• MATERIAL PROVIDED
◆ ◆ ◆ ◆ ◆ ◆ ◆
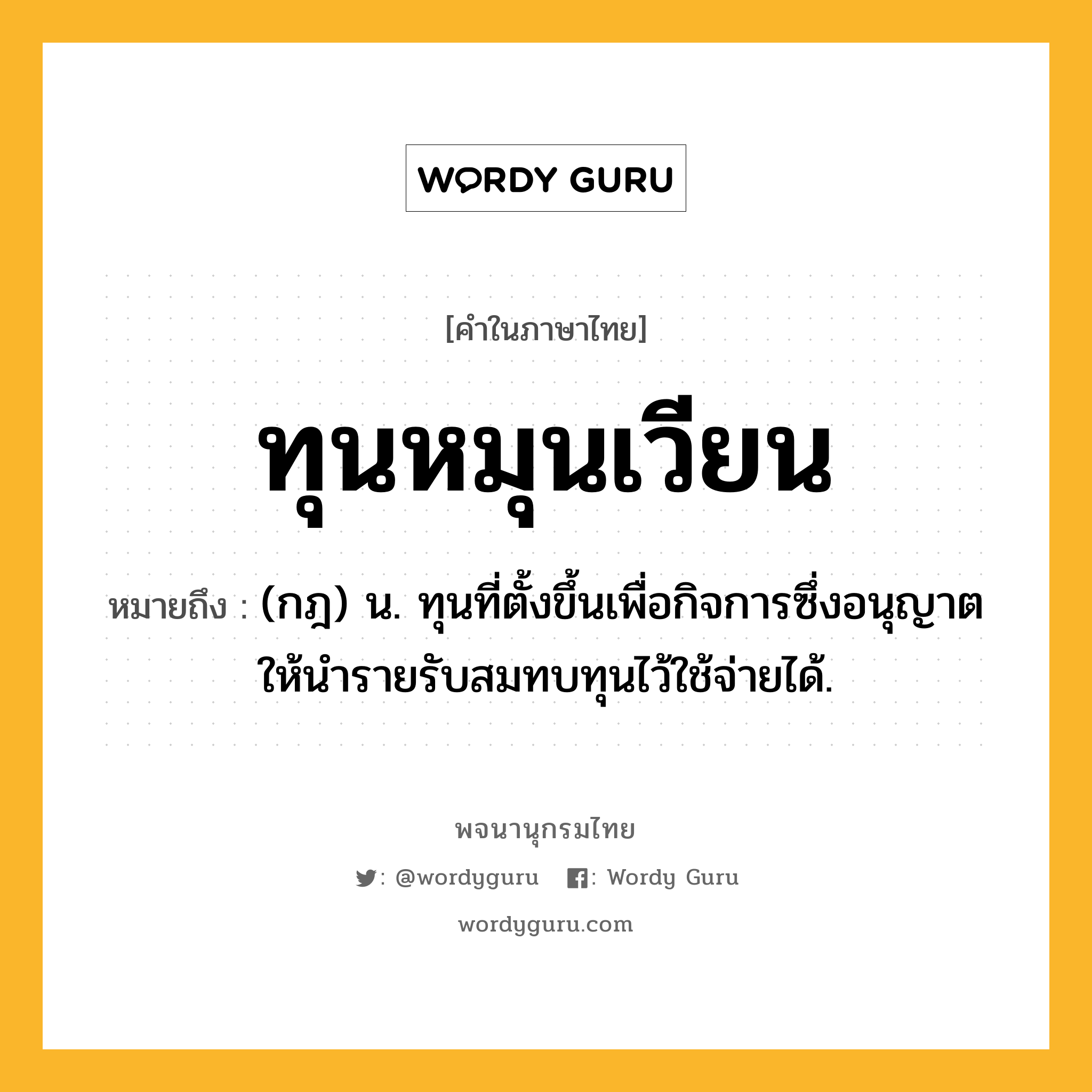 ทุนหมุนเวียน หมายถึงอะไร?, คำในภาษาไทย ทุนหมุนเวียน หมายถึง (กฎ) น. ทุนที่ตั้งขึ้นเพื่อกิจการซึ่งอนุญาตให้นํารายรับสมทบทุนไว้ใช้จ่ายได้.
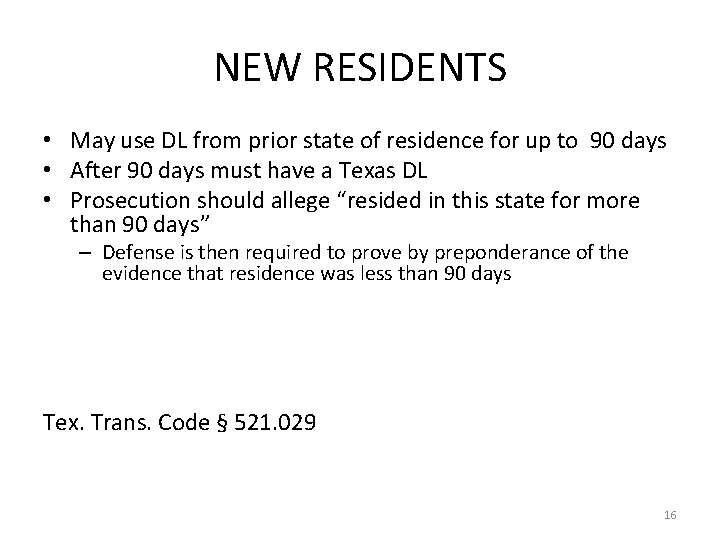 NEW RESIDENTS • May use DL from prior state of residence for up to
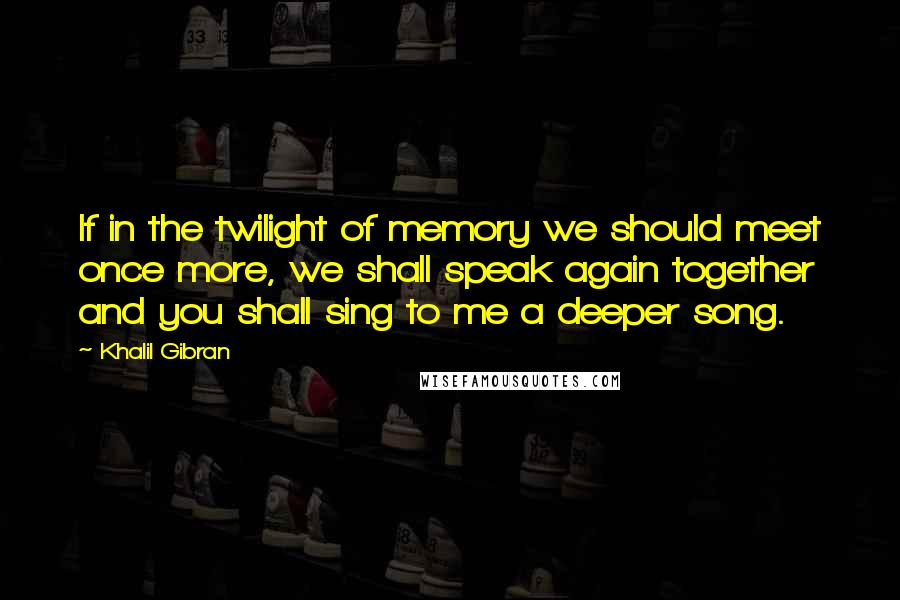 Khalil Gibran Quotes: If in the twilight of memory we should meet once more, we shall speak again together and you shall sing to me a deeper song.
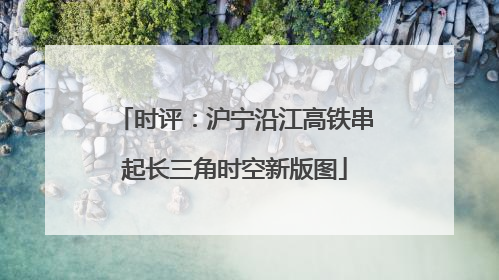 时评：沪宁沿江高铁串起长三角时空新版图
◆ ◆ ◆ ◆ ◆ ◆ ◆
• ASSIGNED TASK
Would you transcribe the whole listing above exactly? The pictures should not be included.

• SOLUTION TO THIS EXERCISE
 ทุนหมุนเวียน หมายถึงอะไร?, คำในภาษาไทย ทุนหมุนเวียน หมายถึง (กฎ) น. ทุนที่ตั้งขึ้นเพื่อกิจการซึ่งอนุญาตให้นํารายรับสมทบทุนไว้ใช้จ่ายได้.
 NEW RESIDENTS • May use DL from prior state of residence for up to
 Khalil Gibran Quotes: If in the twilight of memory we should meet once more, we shall speak again together and you shall sing to me a deeper song.
 时评：沪宁沿江高铁串起长三角时空新版图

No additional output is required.